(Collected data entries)
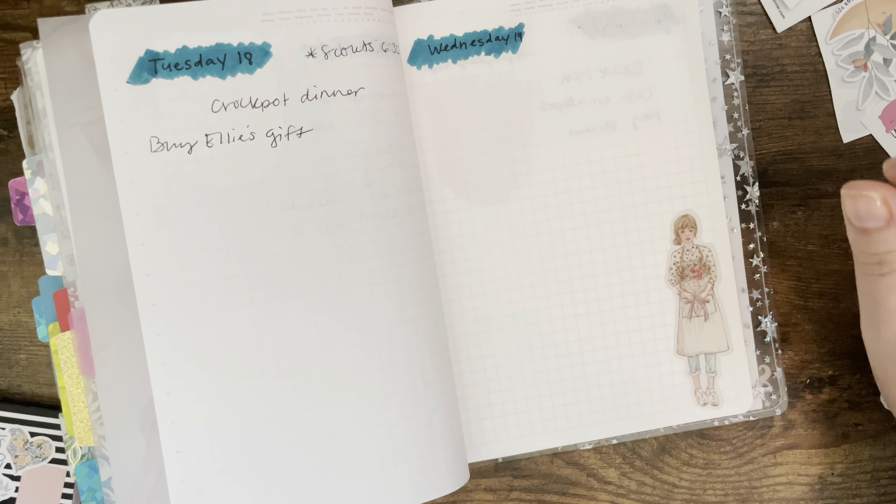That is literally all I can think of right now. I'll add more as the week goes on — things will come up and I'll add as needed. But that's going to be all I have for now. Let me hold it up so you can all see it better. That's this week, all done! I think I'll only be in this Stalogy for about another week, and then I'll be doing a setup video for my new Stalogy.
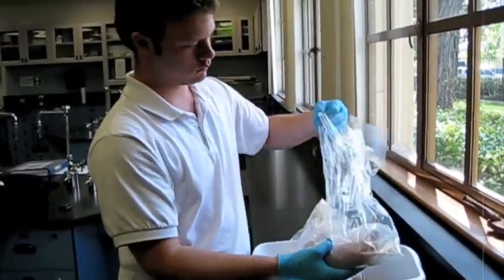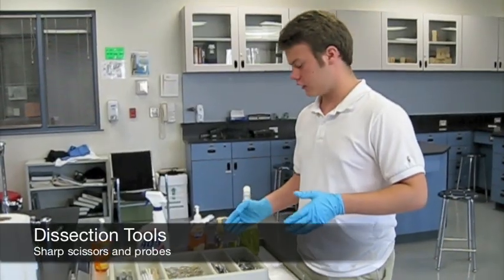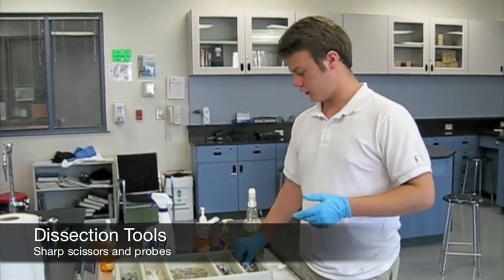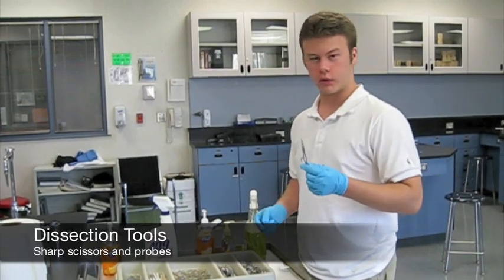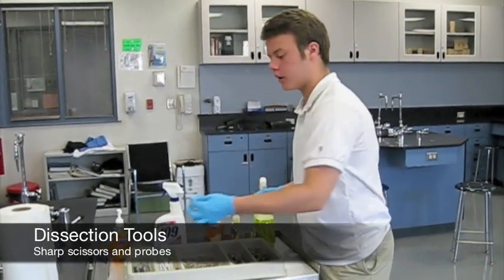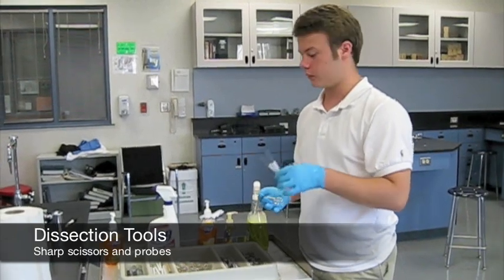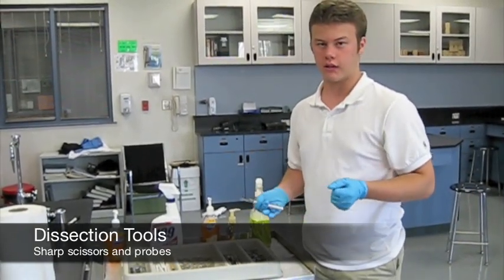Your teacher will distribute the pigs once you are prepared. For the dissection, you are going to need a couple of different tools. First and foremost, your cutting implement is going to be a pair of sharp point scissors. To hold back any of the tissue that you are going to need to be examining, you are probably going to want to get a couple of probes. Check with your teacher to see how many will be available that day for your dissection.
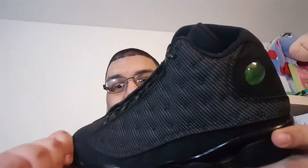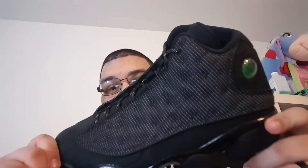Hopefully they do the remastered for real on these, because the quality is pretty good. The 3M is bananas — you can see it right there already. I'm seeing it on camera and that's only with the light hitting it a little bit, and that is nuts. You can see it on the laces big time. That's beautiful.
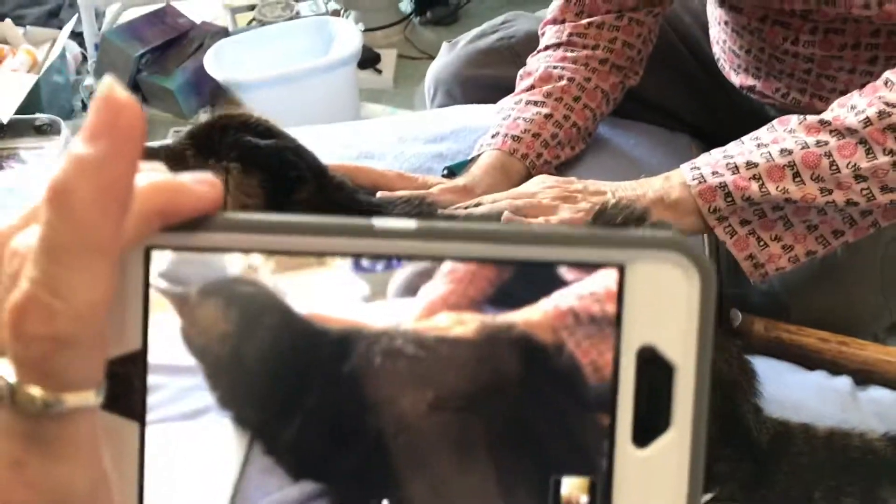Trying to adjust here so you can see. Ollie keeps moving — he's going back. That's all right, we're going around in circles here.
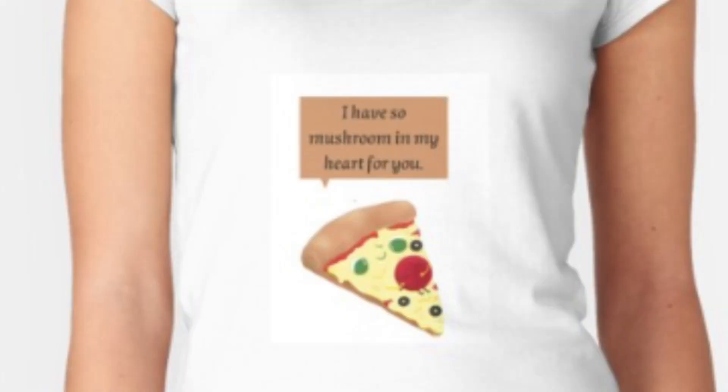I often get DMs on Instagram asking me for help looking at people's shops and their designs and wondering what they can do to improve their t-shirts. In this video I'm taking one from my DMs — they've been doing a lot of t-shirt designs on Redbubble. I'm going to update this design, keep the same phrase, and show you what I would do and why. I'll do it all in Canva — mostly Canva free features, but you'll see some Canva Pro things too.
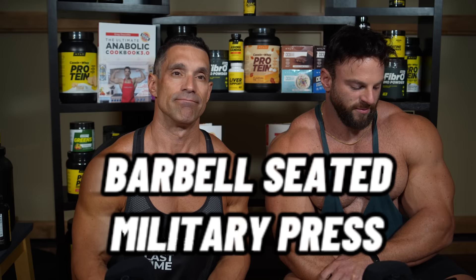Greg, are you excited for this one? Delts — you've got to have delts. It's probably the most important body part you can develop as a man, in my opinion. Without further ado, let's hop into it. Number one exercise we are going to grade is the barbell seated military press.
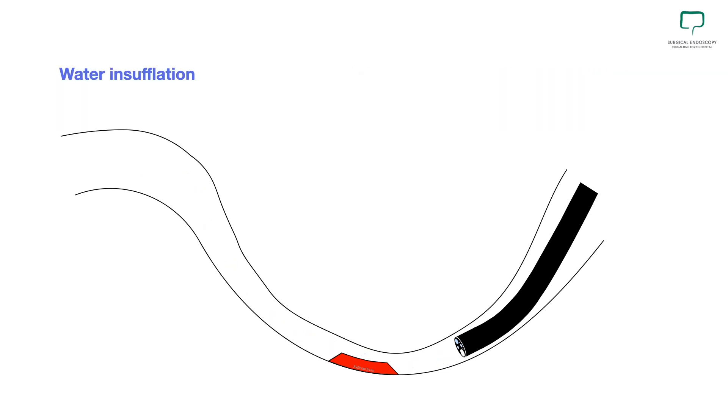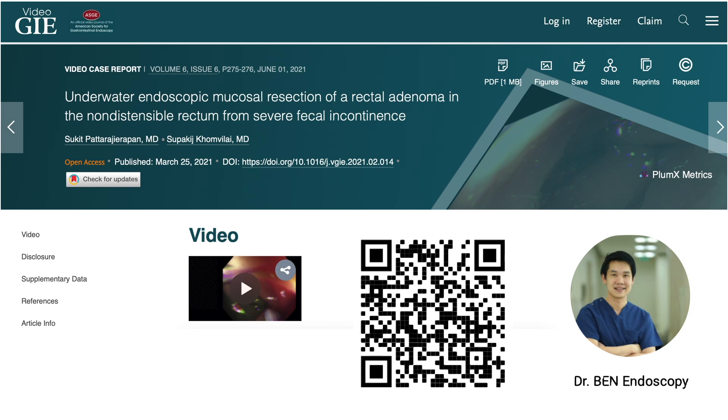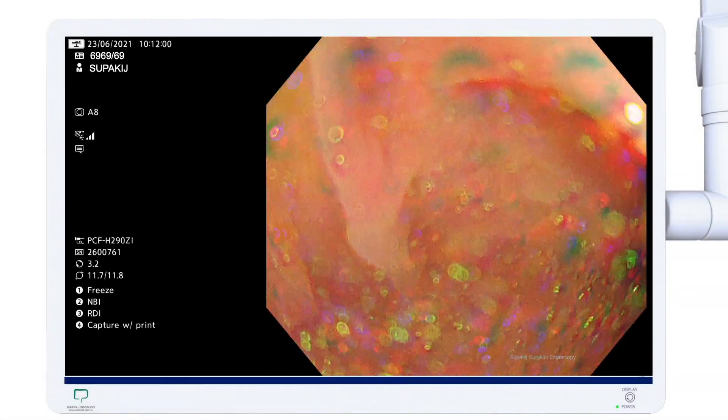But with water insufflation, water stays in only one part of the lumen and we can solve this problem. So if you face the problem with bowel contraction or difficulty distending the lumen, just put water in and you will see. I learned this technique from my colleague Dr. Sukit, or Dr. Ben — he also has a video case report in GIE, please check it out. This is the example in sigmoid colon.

= Directions =
For this exercise, copy the entries above exactly and skip any picture.

= Answer area =
That is literally all I can think of right now. I'll add more as the week goes on — things will come up and I'll add as needed. But that's going to be all I have for now. Let me hold it up so you can all see it better. That's this week, all done! I think I'll only be in this Stalogy for about another week, and then I'll be doing a setup video for my new Stalogy.
Your teacher will distribute the pigs once you are prepared. For the dissection, you are going to need a couple of different tools. First and foremost, your cutting implement is going to be a pair of sharp point scissors. To hold back any of the tissue that you are going to need to be examining, you are probably going to want to get a couple of probes. Check with your teacher to see how many will be available that day for your dissection.
Hopefully they do the remastered for real on these, because the quality is pretty good. The 3M is bananas — you can see it right there already. I'm seeing it on camera and that's only with the light hitting it a little bit, and that is nuts. You can see it on the laces big time. That's beautiful.
Trying to adjust here so you can see. Ollie keeps moving — he's going back. That's all right, we're going around in circles here.
I often get DMs on Instagram asking me for help looking at people's shops and their designs and wondering what they can do to improve their t-shirts. In this video I'm taking one from my DMs — they've been doing a lot of t-shirt designs on Redbubble. I'm going to update this design, keep the same phrase, and show you what I would do and why. I'll do it all in Canva — mostly Canva free features, but you'll see some Canva Pro things too.
Greg, are you excited for this one? Delts — you've got to have delts. It's probably the most important body part you can develop as a man, in my opinion. Without further ado, let's hop into it. Number one exercise we are going to grade is the barbell seated military press.
But with water insufflation, water stays in only one part of the lumen and we can solve this problem. So if you face the problem with bowel contraction or difficulty distending the lumen, just put water in and you will see. I learned this technique from my colleague Dr. Sukit, or Dr. Ben — he also has a video case report in GIE, please check it out. This is the example in sigmoid colon.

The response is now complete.